Christmas memories I wish would come back
Nostalgia sets in for most of us during the holidays, especially around Christmastime.
It includes those memories we all miss. Everybody has some, or at least one.
Think about it: There has to be at least one single time in your life that you wish you could go back and relive again.
If only for a moment.
It could be of a particular Christmas from your childhood, or a Christmas when you were the parent of a child who still believed in the magic of Santa Claus.
We all have that one memory for which we just can’t let go.
As you may recall, I am someone who chooses to live my life in a state of denial. I’ve intentionally blocked out certain aspects of my past. Therefore, I am unable to remember a great deal about growing up. The same goes for after I became an adult.
I have repressed so much that I probably couldn’t bring those times back to the surface even under hypnosis. And yet, there are certain memories that stay with me even after all of these years.
I miss these memories more than I can say.
For instance, I can remember when my brother and I would be allowed to look through the Sears catalogue and circle all of the items we wanted Santa to put underneath our tree.
We would spend countless hours skimming over the same pages until we were certain that every single item in that larger-than-life book had been glanced at.
No one looks through catalogues anymore. Children look online from their smartphone or tablet. They don’t create a list. They add it to their cart.
That isn’t the same, not at all.
Then, there was the infamous good list/bad list my mother taped to the side of the refrigerator for all the world to see. Well, maybe not the world, more like my brother and me. However, to a 6-year-old, it felt like the entire world.
Those two columns were looked at approximately 200 times a day between the two of us. Constantly checking to see if a check mark had been placed in the “good” column or if an “x” had been marked in the row that depicted we had been “bad.” That “x” broke my heart. My own mother was calling us out to Santa.
Of course, sometimes we were given a reprieve and she erased an “x” if we did something to make up for whatever it was we had done wrong.
I didn’t catch on back then, but there were always far more checks than there were x’s. And no matter how many negative marks that column held, we still received an appropriate amount of gifts.
Not once did we receive a lump of coal. Although the oranges Santa would sometimes place inside our stockings felt as if I had received a lump or two of the mineral.
Yes, it’s true. Most of us born during the 1970s and earlier would usually get a piece of fruit inside our stockings.
We excitedly woke up on Christmas morning only to find Lifesavers candy alongside that orange. And on certain Christmases, we were given an entire book of Lifesavers — and a candy cane.
If a child was given an orange, a pack of Lifesavers and a candy cane today, they would probably sue Santa.
Parents today put cell phones, headphones, gift cards and other expensive items inside their children’s stockings. I don’t understand it. And if you were to put a penny inside someone’s stocking now-a-days, as was the case many decades ago, you are merely setting yourself up for a very un-merry Christmas. If it isn’t at least a $20 bill, today’s children want no part of it.

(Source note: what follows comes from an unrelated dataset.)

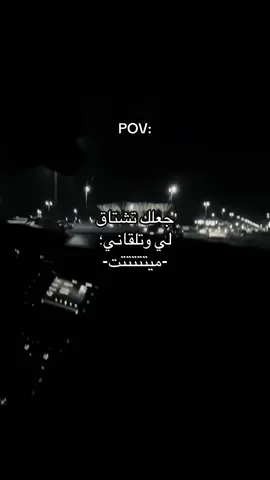 #اكسبلور #explore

Our society is spoiled. What happened to giving toys for Christmas? Actual toys like I received from Santa, like Lincoln Logs, Lite Brites, a Snoopy sno-cone machine, an Easy-Bake Oven?
Most boys don’t want a football anymore. Most girls don’t want a Barbie.

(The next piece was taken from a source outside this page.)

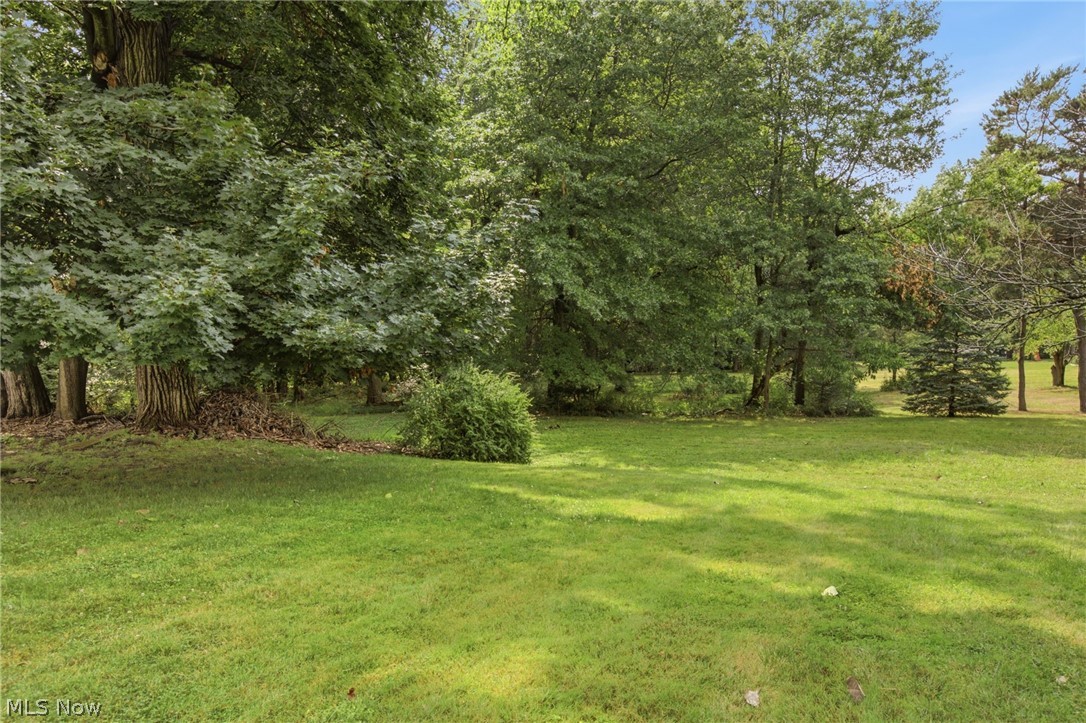 968 Bryan Drive South Euclid OH 44121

I also miss those old-fashioned Christmas trees you’d find in living rooms across the country during the 1960s and 1970s, the real ones you had to water or risk your house burning down in mere minutes.

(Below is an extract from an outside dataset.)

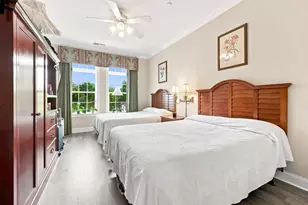 14300 Ocean Hwy, Pawleys Island, SC 29585 - Photo 3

And those large, multi-colored bulbs that turned extremely hot after you plugged them in? Those were no joke. They would become so hot that if you didn’t keep that tree watered, you stood a good chance of those dry thistles catching fire because of the scorching bulbs.
And icicles. No, not the outside kind made of snow, but the silvery ones made of tinsel that you would throw onto the hot bulbs on the dry tree.
Today, people would say a tree such as that is along the lines of child endangerment.
We just called it Christmas.
Did anyone have that aluminum tree that came out in the 1960s? You know, the one you weren’t allowed to put lights on because that would be too dangerous. (Rolling my eyes here.)
So, they devised that small, round multi-colored light you plugged in and pointed toward the tree to make it appear as if it was in color.
Yeah, that is like having a kitchen table and cutting out pictures of food for dinner.
But again, this particular tree could be someone’s memory. A time which they remember. And miss. I certainly will not be the person to take that away from them.
I miss real Christmas cards with hand-written messages. I do not want your e-card. Sorry.
We all have our memories of Christmases past.
Those moments — or even just one moment — that we will always remember as being something special.
My wish for you is to have that Christmas which you keep cherished in your heart.
Perhaps it is one filled with toys, a real Christmas tree, tons of Christmas cards delivered by the mailman, a good list/bad list filled with only check marks and a Sears, J.C. Penney or Montgomery Ward catalogue in which to browse your gift options. Whatever it is, I hope you make it a good one.
(Stenger is the community editor of the Herald-Star and The Weirton Daily Times.)